Overview
Diane Soubly has over 40 years of experience defending Fortune 500 and other private and public sector employers (including public schools, community colleges, and universities), and their respective committees, fiduciaries, and plans in individual and class/collective action labor and employment litigation, ERISA and employee benefits litigation, appellate litigation, administrative proceedings, and agency proceedings, including discrimination and harassment matters. She also actively engages with clients to reduce litigation risk and to utilize facilitative mediation. Her experience and knowledge, including her stint in-house as a senior officer and deputy general counsel of litigation, have made her a trusted advisor to employers navigating complex workplace issues.
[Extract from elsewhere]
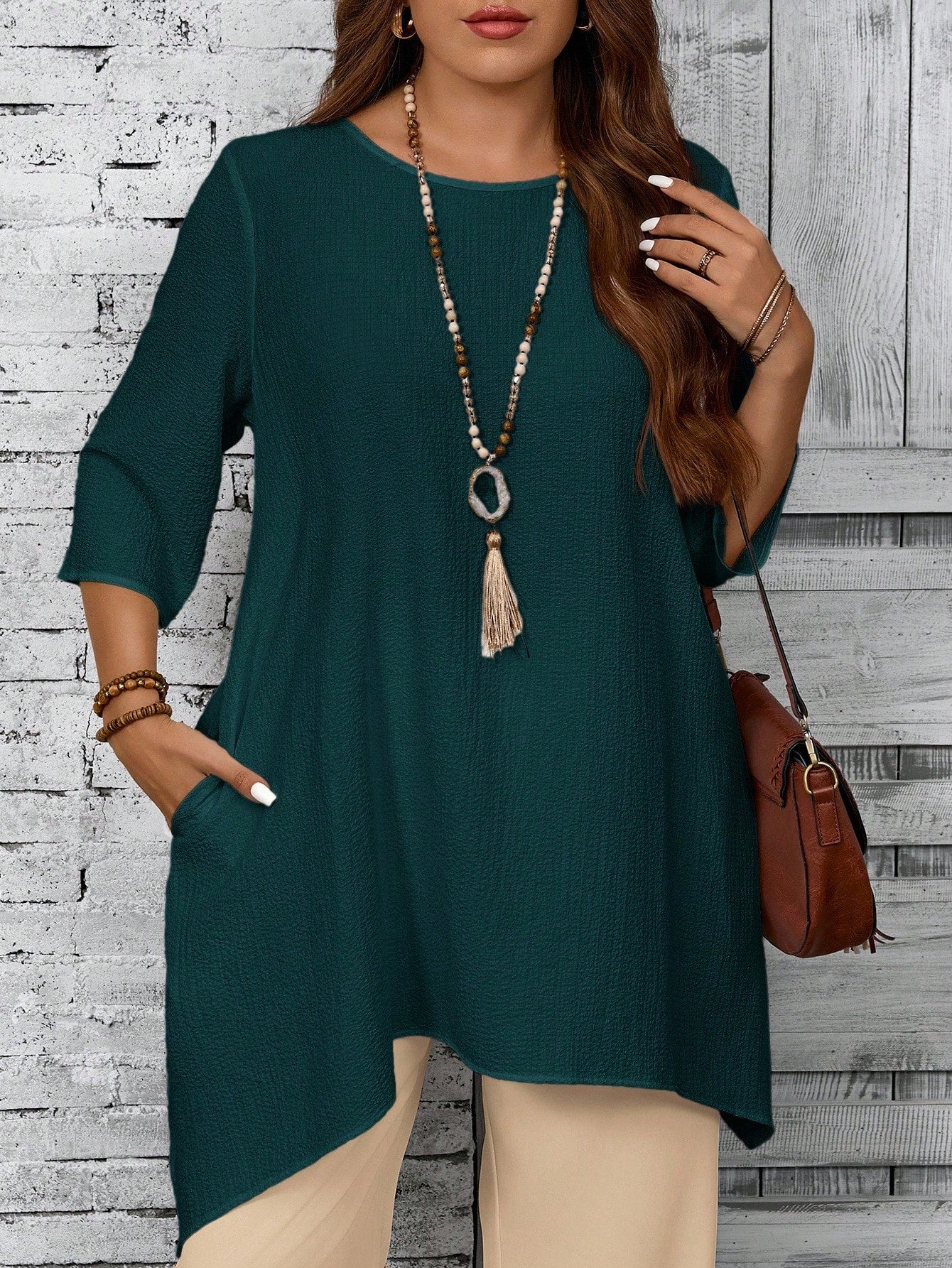 Blusa feminina assimétrica plus size Fanny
Immediately before joining Fisher Phillips, Diane was Of Counsel for a Michigan-based multi-practice law firm where she focused on labor and employment law and litigation, ERISA and employee benefits, tribal law, and appellate matters. She previously served as Of Counsel with national firms based in Chicago and as a member of a national firm in Detroit.
Diane is the Contributing Editor of the Benefits Law Journal and serves on its Editorial Advisory Board. Since May of 2017, she has served as Co-Editor-in-Chief of the Bloomberg Workplace Harassment Law treatise, 2d edition and updates, along with her Co-Editor-in-Chief and former Chair of the Equal Employment Opportunity Commission Gilbert F. Casellas. She has contributed to the ABA/BNA Employment Discrimination and Employee Benefits treatises. Diane has authored hundreds of articles and has presented at various conferences on labor and employment law and litigation topics, as well as topics relating to employee benefits design and compliance issues and to benefits litigation (including Affordable Care Act compliance and litigation and ERISA preemption).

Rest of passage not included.